P.P.S This is why blogging about Oracle is such a pain sometimes. It is hard to get things right without extensive testing. But then again, the stuff I said was all true. Switching to huge pages did resolve our issues. I guess as always, your mileage may vary.
P.P.P.S. See the comments below about the pre_page_sga=TRUE. The people who commented are correct. As far back as Oracle 9.2 databases with
pre_page_sga=TRUE and large SGAs can result in logins taking a couple of seconds. See this Oracle bug:
Bug 5072402 : SLOW CONNECT TIME WITH SQLPLUS TO INSTNACE WITH 22GIG SGA AND PRE_PAGE_SGA
According the Oracle, Bug 5072402 is not a bug, but intended behavior. Oracle changed this behavior in Oracle 12 according to this document:
PRE_PAGE_SGA Behaviour Change in Oracle Release 12c (Doc ID 1987975.1)
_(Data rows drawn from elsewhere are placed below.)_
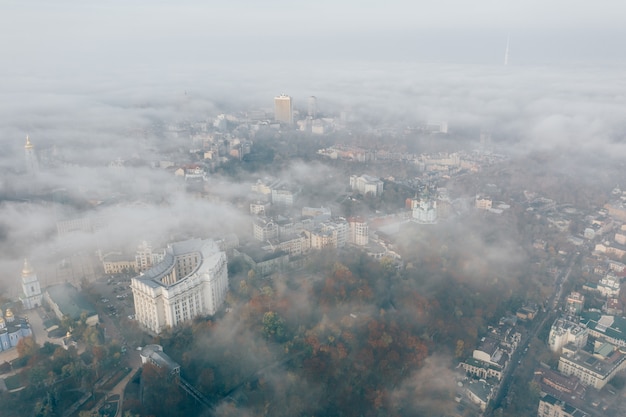 Hình ảnh miễn phí nhìn từ trên cao của thành phố trong sương mù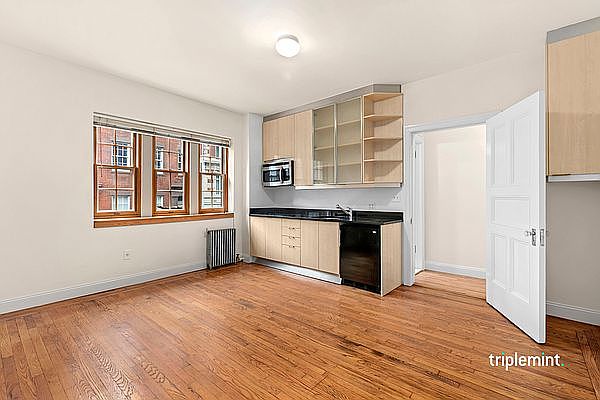 1st image of 108 Waverly Pl #2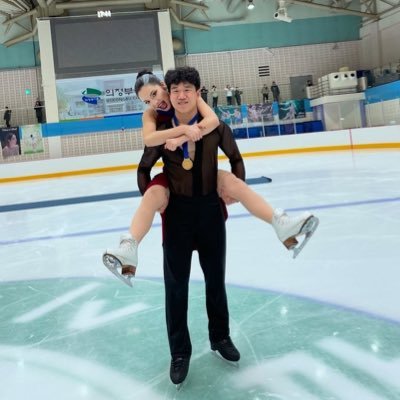loveyourSyTw's profile picture. 댄스보자⛸️⛸️❄️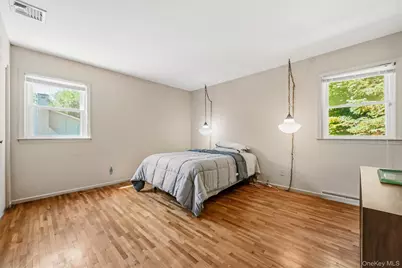 42 Sandy Brook Drive, Spring Valley, NY 10977 - Photo 15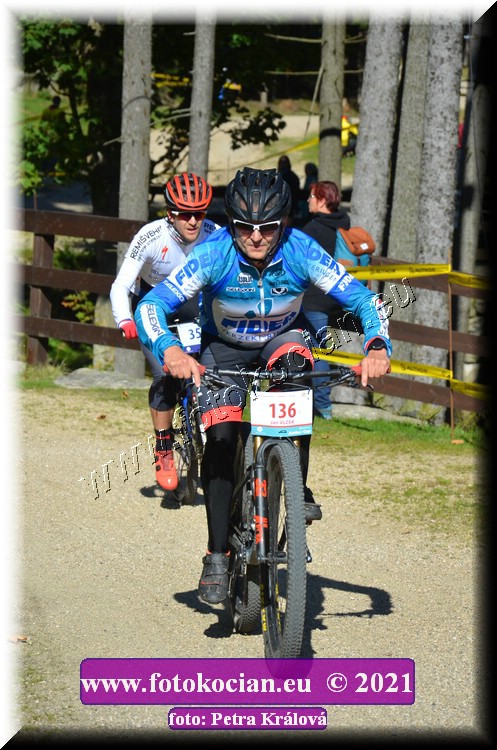 Náhled obrázku: 2021-9289-CTAuthor-136.JPG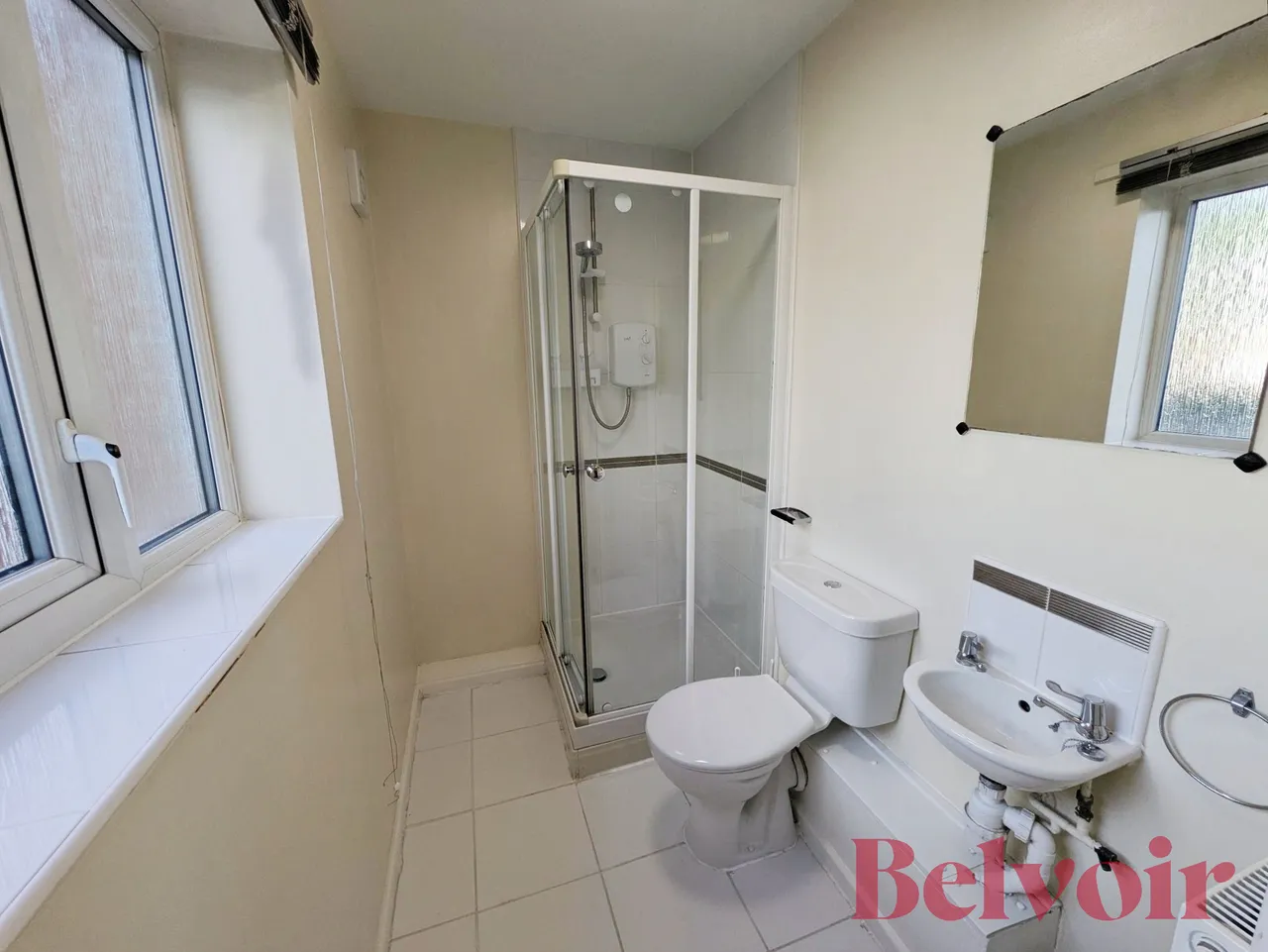 3 bed house to rent, Bedrooms at Comet Avenue, Knutton, ST5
My own testing proves out the idea that pre_page_sga=TRUE causes slowness in logins 11.2 and does not cause it in 12.1.
My laptop 11.2.0.3
Slow with pre_page_sga=TRUE
real 0m1.039s
pre_page_sga boolean TRUE
sga_max_size big integer 3G
sga_target big integer 3G
Fast with pre_page_sga=FALSE
real 0m0.218s
pre_page_sga boolean FALSE
sga_max_size big integer 3G
sga_target big integer 3G
My laptop 12.1.0.2
real 0m0.084s
pre_page_sga boolean TRUE
sga_max_size big integer 3G
sga_target big integer 3G
No HugePages
PAGESIZE AVAILABLE_PAGES EXPECTED_PAGES ALLOCATED_PAGES
4K Configured 4 786436
2048K 0 1537 0
PPPPS:
I have a production HP-UX Itanium server with a 46 gig SGA and pre_page_sga=TRUE. It takes about 1 second to login. I think it is the same effect, but on Linux the 4K page size may exaggerate the effect of pre_page_sga=TRUE whereas HP-UX may handle large SGA’s better. Anyway, I learned something new. Thank you for those who participated in the comments.
I spun up a Delphix Oracle 11.2.0.3 HP-UX Itanium VDB with 32 gig SGA and pre_page_sga=TRUE and the login time was instantaneous. Odd. I guess your mileage may vary still applies.